Antibiotic discontinuation is encouraged when PCT levels have dropped by 80 percent from baseline or are between 0.25 and 0.5 ng/mL, or when levels are >0.5 ng/mL and have dropped by <80 percent from baseline. Discontinuation is strongly encouraged when PCT levels are <0.25 ng/mL or have dropped by 90 percent from baseline reading. Using these FDA-cleared algorithms to guide antibiotic treatment, it has been possible to decrease antibiotic exposure without increasing adverse clinical outcomes for sepsis.21

Empowering physicians to assess the severity of sepsis, PCT serial testing appears to be an effective tool to guide clinical decision-making.

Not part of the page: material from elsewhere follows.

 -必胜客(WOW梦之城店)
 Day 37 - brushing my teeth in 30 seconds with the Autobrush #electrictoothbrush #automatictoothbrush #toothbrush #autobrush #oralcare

Because clinical decisions are based upon serial measurements of PCT, it is important to use an immunoassay with high precision and sensitivity. This is especially pertinent when patients exhibit only low levels of the prohormone upon presentation.

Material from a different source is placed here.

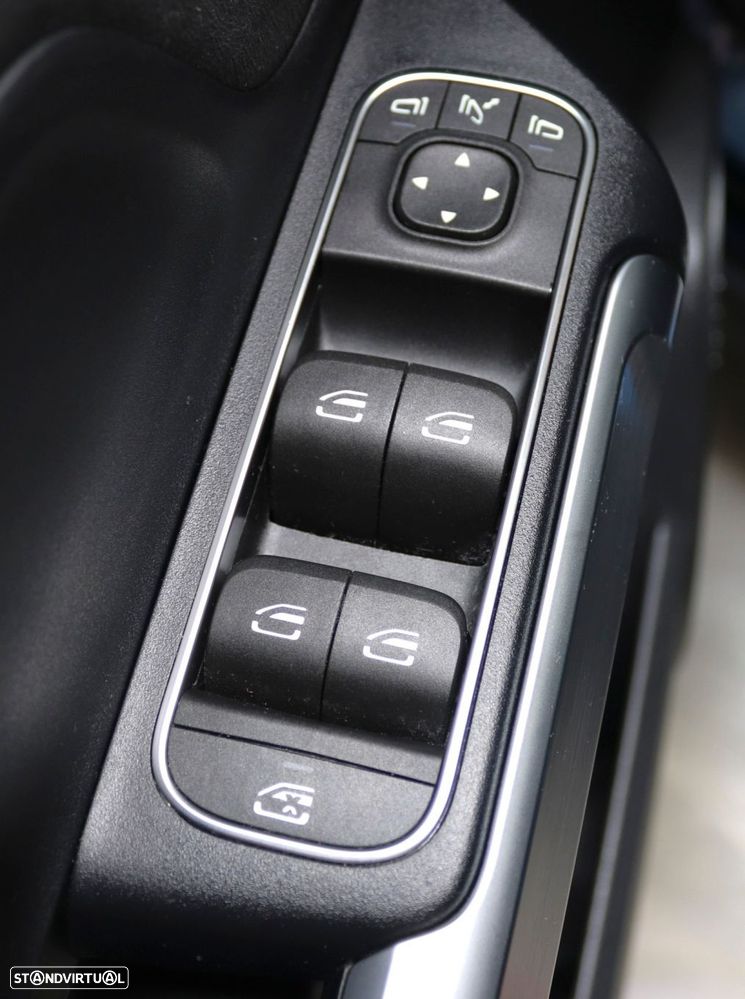 Mercedes-Benz EQB 350 4Matic AMG Line - 15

PCT serial testing represents a major innovation for antibiotic stewardship

Due to its capacity to differentiate between bacterial and viral infections better than other biomarkers, PCT is an extremely powerful diagnostic assay. In initiating early antibiotic treatment or making an antibiotic switch where necessary, PCT serves as a good prognostic marker in sepsis to predict patients at risk of deteriorating.26 In combination, these features enhance clinical decision-making to promote responsible antibiotic stewardship.

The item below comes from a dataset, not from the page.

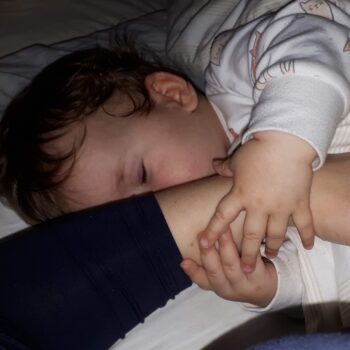 Spavanje s djetetom – za ili protiv?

As well as contributing to antibiotic effectiveness, serial monitoring of PCT levels helps improve patient outcomes and reduce adverse effects, such as CDI, AMR, and lower respiratory tract infections (LRTI) through more efficacious treatment. In addition, PCT serial testing positively impacts healthcare utilization and cost-effectiveness for sepsis. This is achieved by reducing antibiotic therapy days, days in the ICU, and days spent on a regular ward, all lowering hospital costs by an estimated 20-30 percent.27

Proven efficacy of PCT serial testing

With a pressing need for hospitals to provide early, effective antibiotic treatment while reducing unnecessary treatment days, high sensitivity and precision are fundamental to serial PCT testing. This is especially important in the lower ranges of PCT, where critical medical decisions to initiate an antibiotic protocol are to be made. A retrospective study of 2,152 patients in a center with an antibiotic stewardship program assessed the impact of incorporating a PCT algorithm to guide antibiotic management, publishing the results in 2017.21 The cohort with PCT testing experienced:

  • 47 percent reduction in median days of antibiotic therapy, from 17 to nine days, with an associated reduction in costs of antibiotics
  • 50 percent reduction in all-cause 30-day readmission rate, from 22.4 percent to 11.1 percent
  • 50 percent reduction in adverse drug events from anti-microbials, from 16.2 to 8.1 percent
  • 62 percent reduction in all-cause hospital mortality, from 7.6 to 2.9 percent deaths
  • 64 percent reduction in CDI, from 2.5 to 0.9 percent

Although serial PCT testing requires upfront investments such as equipment, supplies, and staff education, these costs are more than offset by downstream savings which do not compromise patient outcomes.27 Incorporating PCT algorithms for antibiotic treatment may be useful in decreasing hospital spending per patient by reducing the number of hospital days, the number of blood cultures, and days on antibiotic therapy.